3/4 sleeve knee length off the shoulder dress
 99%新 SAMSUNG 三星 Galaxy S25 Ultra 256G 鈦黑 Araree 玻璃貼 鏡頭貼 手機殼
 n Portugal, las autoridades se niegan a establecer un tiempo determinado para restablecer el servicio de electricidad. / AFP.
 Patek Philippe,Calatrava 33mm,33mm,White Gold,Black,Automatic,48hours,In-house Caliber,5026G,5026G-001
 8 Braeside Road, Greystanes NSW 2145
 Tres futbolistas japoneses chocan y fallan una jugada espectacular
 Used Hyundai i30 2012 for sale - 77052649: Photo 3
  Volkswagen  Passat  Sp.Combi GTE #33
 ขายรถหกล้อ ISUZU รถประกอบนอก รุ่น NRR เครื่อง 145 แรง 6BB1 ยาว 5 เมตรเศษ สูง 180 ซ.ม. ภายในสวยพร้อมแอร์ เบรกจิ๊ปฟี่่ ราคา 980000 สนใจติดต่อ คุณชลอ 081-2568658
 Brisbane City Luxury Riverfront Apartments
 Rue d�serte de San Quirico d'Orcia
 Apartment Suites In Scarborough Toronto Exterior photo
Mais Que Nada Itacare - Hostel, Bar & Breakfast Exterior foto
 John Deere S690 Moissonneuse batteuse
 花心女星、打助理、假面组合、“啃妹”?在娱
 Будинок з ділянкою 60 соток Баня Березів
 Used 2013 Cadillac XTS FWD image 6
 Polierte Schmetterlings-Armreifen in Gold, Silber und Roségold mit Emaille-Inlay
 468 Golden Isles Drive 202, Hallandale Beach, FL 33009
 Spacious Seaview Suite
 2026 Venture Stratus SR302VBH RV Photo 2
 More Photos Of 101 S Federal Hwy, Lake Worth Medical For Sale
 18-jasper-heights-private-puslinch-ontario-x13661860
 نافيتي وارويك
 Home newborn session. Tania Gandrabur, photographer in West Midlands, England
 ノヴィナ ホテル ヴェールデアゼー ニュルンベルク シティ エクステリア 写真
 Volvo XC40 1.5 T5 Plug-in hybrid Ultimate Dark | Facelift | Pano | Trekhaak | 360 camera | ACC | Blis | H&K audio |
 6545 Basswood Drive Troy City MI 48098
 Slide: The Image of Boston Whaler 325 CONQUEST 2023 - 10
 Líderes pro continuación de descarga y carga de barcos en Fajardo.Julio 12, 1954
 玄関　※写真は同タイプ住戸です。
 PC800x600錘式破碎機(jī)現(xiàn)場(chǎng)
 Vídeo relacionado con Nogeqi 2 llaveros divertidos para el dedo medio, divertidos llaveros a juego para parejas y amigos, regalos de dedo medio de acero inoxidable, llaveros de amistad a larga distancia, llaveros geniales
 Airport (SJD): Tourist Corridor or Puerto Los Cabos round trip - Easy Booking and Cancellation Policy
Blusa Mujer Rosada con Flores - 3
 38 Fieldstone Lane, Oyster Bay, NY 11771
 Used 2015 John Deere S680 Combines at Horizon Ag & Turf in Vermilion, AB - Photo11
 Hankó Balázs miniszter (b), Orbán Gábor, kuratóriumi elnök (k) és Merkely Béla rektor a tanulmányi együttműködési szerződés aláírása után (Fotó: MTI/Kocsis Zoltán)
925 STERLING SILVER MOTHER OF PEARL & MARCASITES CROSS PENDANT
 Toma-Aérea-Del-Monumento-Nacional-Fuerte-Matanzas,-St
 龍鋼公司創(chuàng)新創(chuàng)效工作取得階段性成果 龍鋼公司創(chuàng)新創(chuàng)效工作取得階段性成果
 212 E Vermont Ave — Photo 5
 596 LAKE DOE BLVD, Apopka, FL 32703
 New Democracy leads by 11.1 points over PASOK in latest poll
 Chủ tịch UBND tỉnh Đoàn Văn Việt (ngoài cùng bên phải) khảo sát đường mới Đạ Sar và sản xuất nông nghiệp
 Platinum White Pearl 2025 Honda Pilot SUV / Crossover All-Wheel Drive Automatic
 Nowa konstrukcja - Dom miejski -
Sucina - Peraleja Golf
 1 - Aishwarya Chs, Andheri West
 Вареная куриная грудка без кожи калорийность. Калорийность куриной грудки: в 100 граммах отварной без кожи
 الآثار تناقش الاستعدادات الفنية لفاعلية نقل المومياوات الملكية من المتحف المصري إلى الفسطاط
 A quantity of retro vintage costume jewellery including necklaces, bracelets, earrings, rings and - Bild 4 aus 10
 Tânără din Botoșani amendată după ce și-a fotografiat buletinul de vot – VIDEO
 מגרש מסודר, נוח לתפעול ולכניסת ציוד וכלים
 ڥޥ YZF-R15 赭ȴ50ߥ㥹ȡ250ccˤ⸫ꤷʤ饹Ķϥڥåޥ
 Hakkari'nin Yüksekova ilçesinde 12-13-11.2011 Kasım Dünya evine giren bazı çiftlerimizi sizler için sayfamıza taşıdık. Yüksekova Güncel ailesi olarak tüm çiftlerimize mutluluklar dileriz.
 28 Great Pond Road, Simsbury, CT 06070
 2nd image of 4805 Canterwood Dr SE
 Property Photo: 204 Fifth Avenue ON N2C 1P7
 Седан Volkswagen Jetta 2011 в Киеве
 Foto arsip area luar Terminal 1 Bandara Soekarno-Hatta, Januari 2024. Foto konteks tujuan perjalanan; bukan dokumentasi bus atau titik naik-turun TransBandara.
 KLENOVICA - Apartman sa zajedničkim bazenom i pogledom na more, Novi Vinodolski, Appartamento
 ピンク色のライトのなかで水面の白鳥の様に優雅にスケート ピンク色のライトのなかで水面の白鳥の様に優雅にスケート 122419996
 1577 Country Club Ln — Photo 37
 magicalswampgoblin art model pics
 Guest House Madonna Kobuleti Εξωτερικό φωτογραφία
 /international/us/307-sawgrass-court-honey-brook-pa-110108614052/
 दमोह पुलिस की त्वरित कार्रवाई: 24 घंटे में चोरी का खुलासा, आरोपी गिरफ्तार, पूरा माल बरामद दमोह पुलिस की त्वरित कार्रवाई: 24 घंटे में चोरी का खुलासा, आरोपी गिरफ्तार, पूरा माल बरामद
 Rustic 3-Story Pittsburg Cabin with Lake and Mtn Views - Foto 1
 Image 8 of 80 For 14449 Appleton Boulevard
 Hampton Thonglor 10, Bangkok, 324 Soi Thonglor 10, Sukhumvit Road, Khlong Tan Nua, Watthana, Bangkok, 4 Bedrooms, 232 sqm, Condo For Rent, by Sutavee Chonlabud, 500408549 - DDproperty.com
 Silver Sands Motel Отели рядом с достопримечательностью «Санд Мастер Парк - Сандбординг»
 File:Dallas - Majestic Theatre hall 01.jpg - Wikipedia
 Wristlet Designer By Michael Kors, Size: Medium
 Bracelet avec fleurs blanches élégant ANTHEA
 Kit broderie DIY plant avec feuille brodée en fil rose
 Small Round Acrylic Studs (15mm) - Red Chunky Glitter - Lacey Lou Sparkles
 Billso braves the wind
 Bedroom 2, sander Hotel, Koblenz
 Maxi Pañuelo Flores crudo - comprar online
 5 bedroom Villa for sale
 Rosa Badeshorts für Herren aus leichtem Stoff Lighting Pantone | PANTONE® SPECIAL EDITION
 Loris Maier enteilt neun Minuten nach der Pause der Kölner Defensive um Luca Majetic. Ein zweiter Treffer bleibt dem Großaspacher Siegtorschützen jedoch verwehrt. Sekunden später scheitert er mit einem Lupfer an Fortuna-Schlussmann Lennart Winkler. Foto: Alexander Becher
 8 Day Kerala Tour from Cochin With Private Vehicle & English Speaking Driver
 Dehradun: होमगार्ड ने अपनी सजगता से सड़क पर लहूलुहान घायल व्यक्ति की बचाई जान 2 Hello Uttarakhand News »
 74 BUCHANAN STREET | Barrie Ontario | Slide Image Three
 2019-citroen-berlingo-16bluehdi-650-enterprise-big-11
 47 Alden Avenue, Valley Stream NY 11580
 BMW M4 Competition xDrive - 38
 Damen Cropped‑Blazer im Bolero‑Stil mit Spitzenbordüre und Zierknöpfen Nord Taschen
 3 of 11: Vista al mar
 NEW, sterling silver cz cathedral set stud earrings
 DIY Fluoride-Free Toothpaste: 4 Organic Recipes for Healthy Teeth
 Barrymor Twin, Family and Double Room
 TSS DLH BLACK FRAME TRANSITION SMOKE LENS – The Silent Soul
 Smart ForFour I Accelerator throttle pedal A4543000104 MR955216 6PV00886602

══════

## To do
Word for word, reproduce the lines of the listing from the first one through the line containing "Slide: The Image", and no more.

## Answer to the exercise
3/4 sleeve knee length off the shoulder dress
 99%新 SAMSUNG 三星 Galaxy S25 Ultra 256G 鈦黑 Araree 玻璃貼 鏡頭貼 手機殼
 n Portugal, las autoridades se niegan a establecer un tiempo determinado para restablecer el servicio de electricidad. / AFP.
 Patek Philippe,Calatrava 33mm,33mm,White Gold,Black,Automatic,48hours,In-house Caliber,5026G,5026G-001
 8 Braeside Road, Greystanes NSW 2145
 Tres futbolistas japoneses chocan y fallan una jugada espectacular
 Used Hyundai i30 2012 for sale - 77052649: Photo 3
  Volkswagen  Passat  Sp.Combi GTE #33
 ขายรถหกล้อ ISUZU รถประกอบนอก รุ่น NRR เครื่อง 145 แรง 6BB1 ยาว 5 เมตรเศษ สูง 180 ซ.ม. ภายในสวยพร้อมแอร์ เบรกจิ๊ปฟี่่ ราคา 980000 สนใจติดต่อ คุณชลอ 081-2568658
 Brisbane City Luxury Riverfront Apartments
 Rue d�serte de San Quirico d'Orcia
 Apartment Suites In Scarborough Toronto Exterior photo
Mais Que Nada Itacare - Hostel, Bar & Breakfast Exterior foto
 John Deere S690 Moissonneuse batteuse
 花心女星、打助理、假面组合、“啃妹”?在娱
 Будинок з ділянкою 60 соток Баня Березів
 Used 2013 Cadillac XTS FWD image 6
 Polierte Schmetterlings-Armreifen in Gold, Silber und Roségold mit Emaille-Inlay
 468 Golden Isles Drive 202, Hallandale Beach, FL 33009
 Spacious Seaview Suite
 2026 Venture Stratus SR302VBH RV Photo 2
 More Photos Of 101 S Federal Hwy, Lake Worth Medical For Sale
 18-jasper-heights-private-puslinch-ontario-x13661860
 نافيتي وارويك
 Home newborn session. Tania Gandrabur, photographer in West Midlands, England
 ノヴィナ ホテル ヴェールデアゼー ニュルンベルク シティ エクステリア 写真
 Volvo XC40 1.5 T5 Plug-in hybrid Ultimate Dark | Facelift | Pano | Trekhaak | 360 camera | ACC | Blis | H&K audio |
 6545 Basswood Drive Troy City MI 48098
 Slide: The Image of Boston Whaler 325 CONQUEST 2023 - 10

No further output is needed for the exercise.